● **BRIEF**
The entries below contain pictures, which are to be left out; write out exactly, and only, the lines from the line with "But later on" up to and including the line with "For connectivity, your".
[DATA SHOWN Boundary: Start]
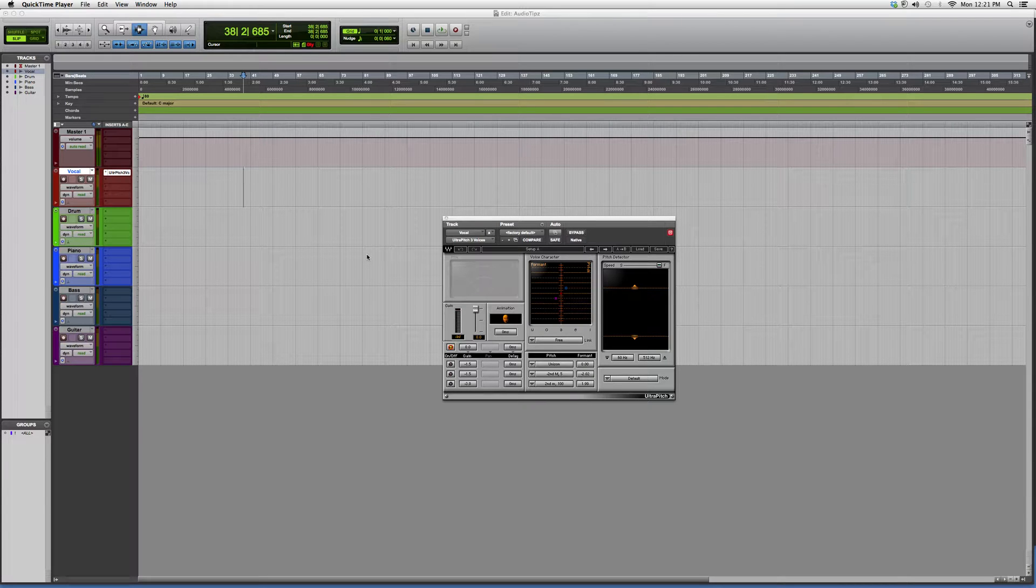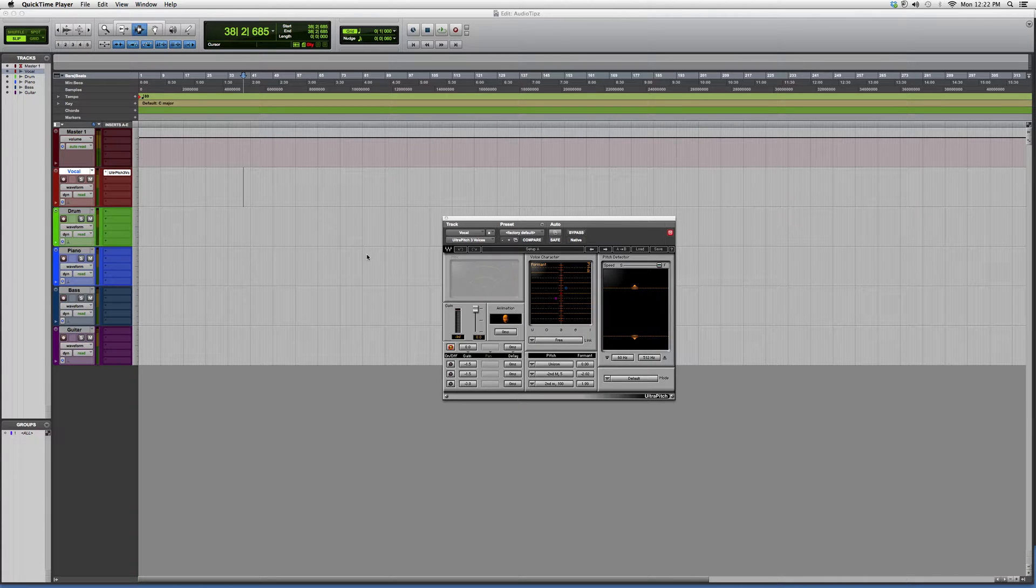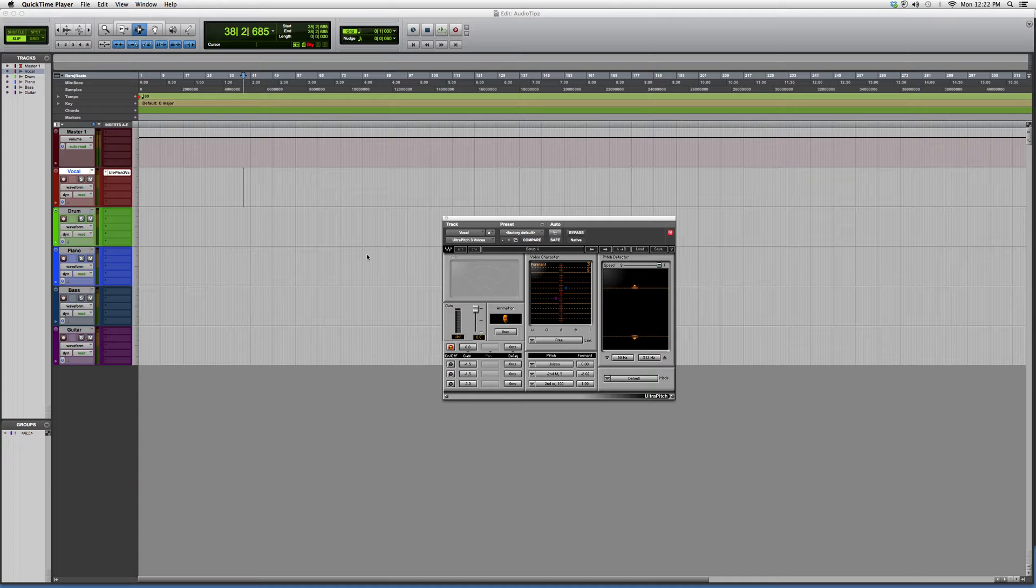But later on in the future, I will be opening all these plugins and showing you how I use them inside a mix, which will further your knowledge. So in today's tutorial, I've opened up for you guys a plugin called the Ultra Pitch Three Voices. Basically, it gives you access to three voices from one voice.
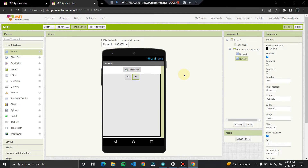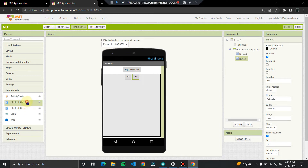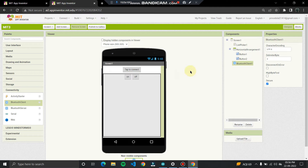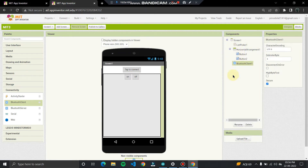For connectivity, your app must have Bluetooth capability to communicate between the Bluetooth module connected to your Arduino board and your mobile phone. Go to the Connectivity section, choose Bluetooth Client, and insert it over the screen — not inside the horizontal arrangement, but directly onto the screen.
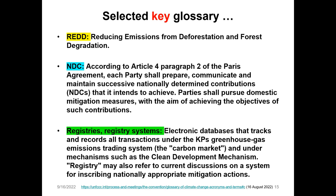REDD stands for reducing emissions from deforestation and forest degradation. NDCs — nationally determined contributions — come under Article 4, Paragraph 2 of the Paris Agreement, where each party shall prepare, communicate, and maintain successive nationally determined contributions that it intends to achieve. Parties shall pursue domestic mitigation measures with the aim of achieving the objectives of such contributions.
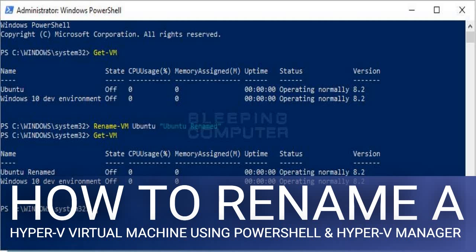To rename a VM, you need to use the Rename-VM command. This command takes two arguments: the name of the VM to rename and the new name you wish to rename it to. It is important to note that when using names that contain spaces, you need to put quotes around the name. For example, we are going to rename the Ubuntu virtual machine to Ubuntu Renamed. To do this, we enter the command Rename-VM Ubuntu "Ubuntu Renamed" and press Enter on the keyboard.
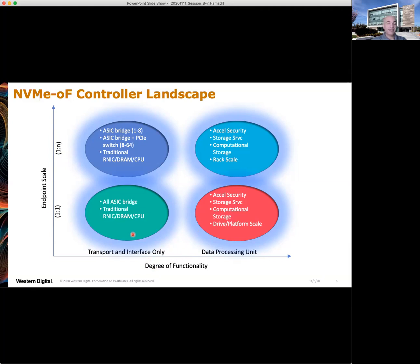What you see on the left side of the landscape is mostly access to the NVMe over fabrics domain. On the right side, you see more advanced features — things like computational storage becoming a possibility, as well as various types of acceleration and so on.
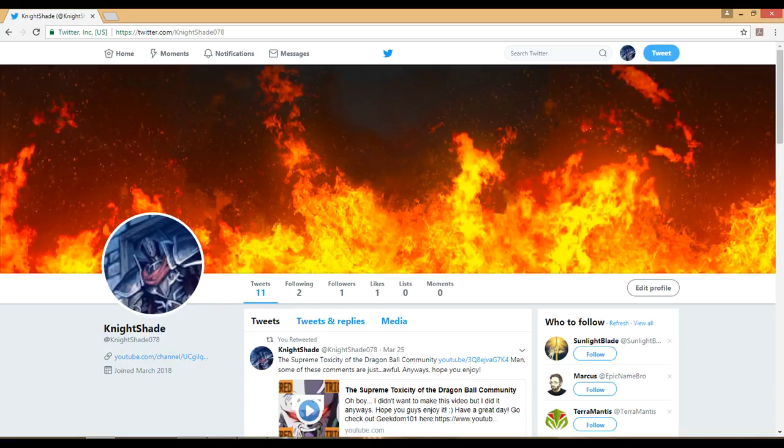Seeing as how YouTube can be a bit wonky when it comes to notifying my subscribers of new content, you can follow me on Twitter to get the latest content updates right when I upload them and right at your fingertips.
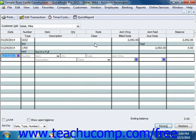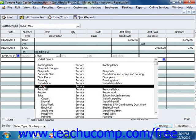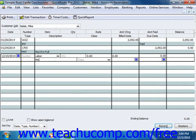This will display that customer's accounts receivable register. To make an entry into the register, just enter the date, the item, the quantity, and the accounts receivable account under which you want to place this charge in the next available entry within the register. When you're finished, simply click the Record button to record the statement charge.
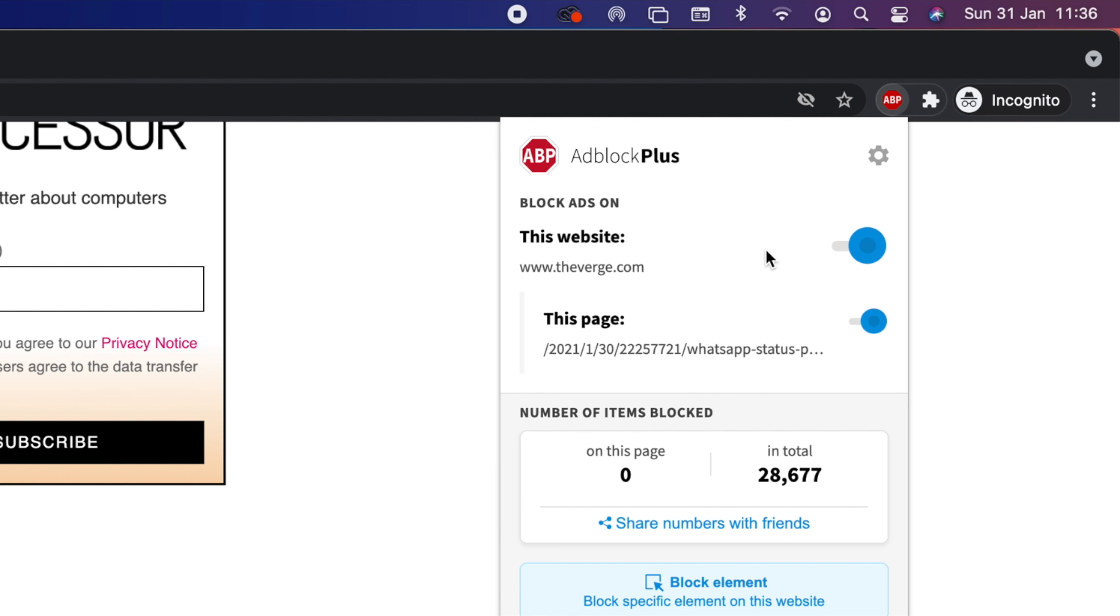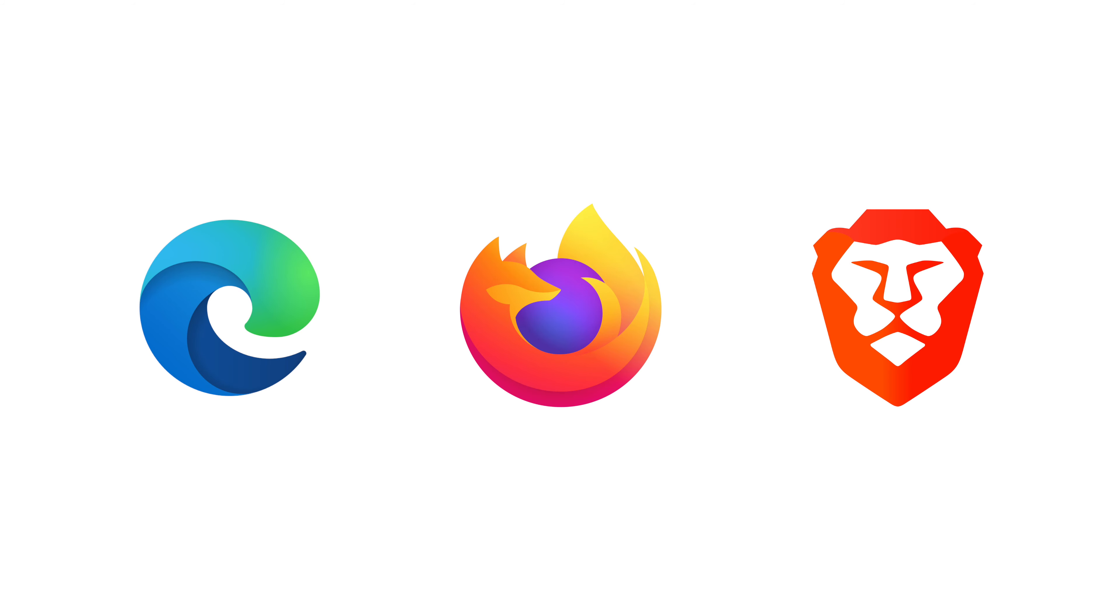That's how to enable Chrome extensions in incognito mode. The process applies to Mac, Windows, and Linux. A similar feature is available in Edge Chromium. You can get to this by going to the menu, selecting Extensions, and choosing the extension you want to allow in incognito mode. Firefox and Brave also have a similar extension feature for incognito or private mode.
[DATA SHOWN Boundary: End]
[DATA SHOWN Boundary: Start]
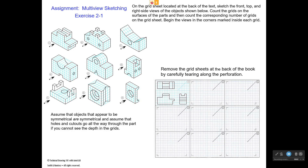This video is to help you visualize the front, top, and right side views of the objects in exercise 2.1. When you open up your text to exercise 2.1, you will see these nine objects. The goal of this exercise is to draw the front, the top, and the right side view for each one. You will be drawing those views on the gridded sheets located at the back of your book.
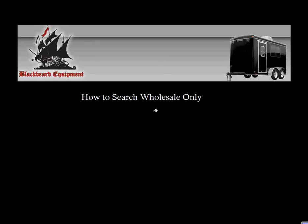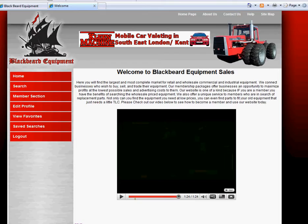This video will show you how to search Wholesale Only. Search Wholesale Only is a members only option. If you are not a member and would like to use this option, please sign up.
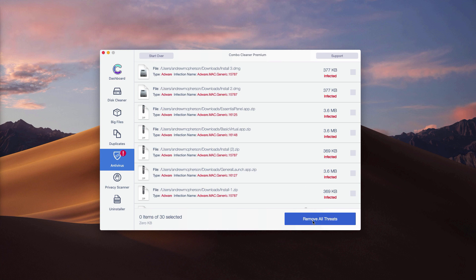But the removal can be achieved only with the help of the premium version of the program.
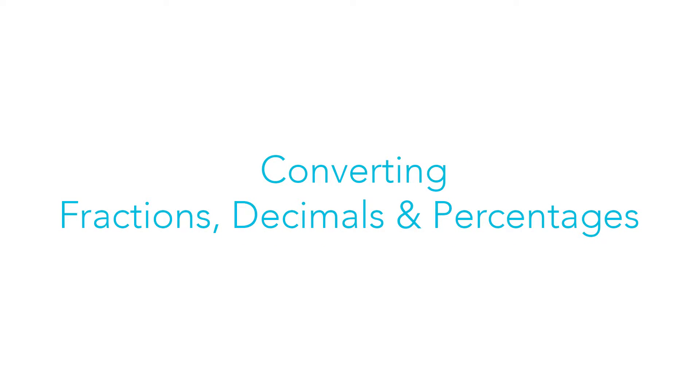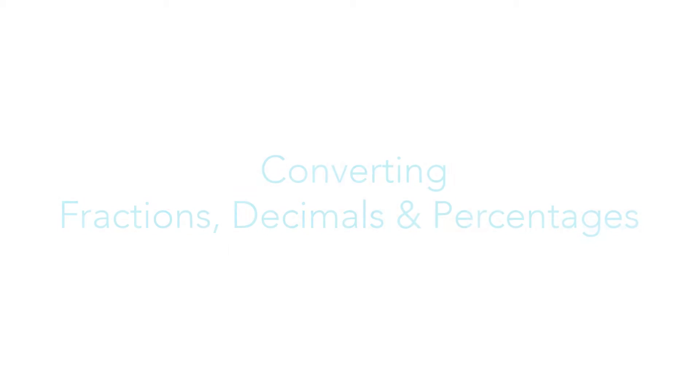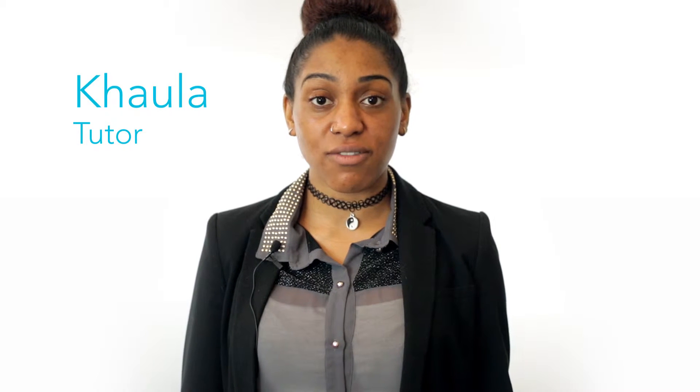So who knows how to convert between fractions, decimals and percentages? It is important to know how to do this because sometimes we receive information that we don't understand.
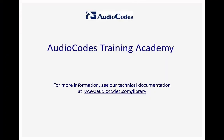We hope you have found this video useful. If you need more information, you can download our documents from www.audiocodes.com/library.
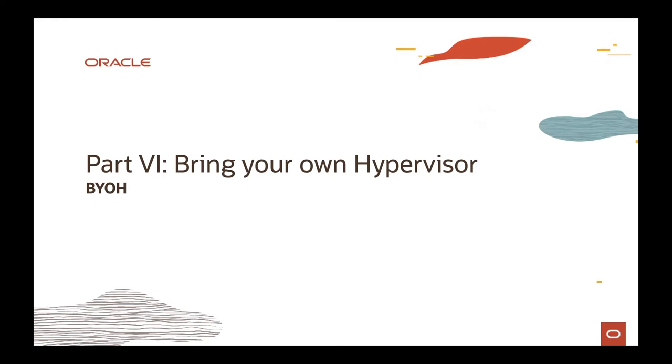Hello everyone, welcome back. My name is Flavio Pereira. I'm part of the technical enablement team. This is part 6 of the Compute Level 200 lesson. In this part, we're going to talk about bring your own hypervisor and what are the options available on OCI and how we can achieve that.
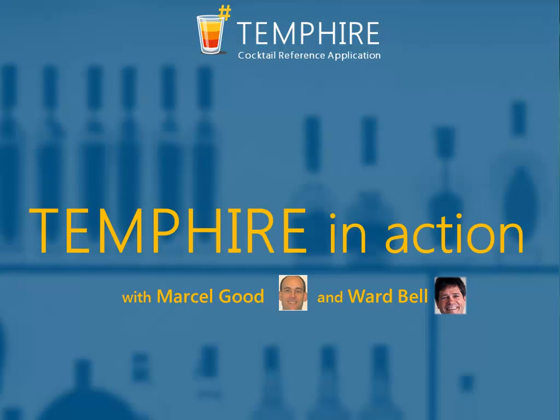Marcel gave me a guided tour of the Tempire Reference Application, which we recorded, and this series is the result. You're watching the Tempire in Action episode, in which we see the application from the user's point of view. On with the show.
[DATA SHOWN Boundary: End]
[DATA SHOWN Boundary: Start]
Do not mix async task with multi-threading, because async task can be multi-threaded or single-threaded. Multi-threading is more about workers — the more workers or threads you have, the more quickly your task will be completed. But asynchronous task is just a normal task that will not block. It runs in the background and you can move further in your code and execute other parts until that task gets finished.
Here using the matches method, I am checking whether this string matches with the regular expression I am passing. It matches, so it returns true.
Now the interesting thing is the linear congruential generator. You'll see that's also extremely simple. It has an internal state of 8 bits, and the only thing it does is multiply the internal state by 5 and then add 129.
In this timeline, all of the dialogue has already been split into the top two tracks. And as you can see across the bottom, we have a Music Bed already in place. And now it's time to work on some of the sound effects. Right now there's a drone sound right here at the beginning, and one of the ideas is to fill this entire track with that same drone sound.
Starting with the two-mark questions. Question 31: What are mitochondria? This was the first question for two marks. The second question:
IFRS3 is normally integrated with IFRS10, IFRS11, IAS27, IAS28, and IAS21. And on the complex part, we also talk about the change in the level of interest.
[DATA SHOWN Boundary: End]
● **SOLUTION TO THIS TASK**
But later on in the future, I will be opening all these plugins and showing you how I use them inside a mix, which will further your knowledge. So in today's tutorial, I've opened up for you guys a plugin called the Ultra Pitch Three Voices. Basically, it gives you access to three voices from one voice.
For connectivity, your app must have Bluetooth capability to communicate between the Bluetooth module connected to your Arduino board and your mobile phone. Go to the Connectivity section, choose Bluetooth Client, and insert it over the screen — not inside the horizontal arrangement, but directly onto the screen.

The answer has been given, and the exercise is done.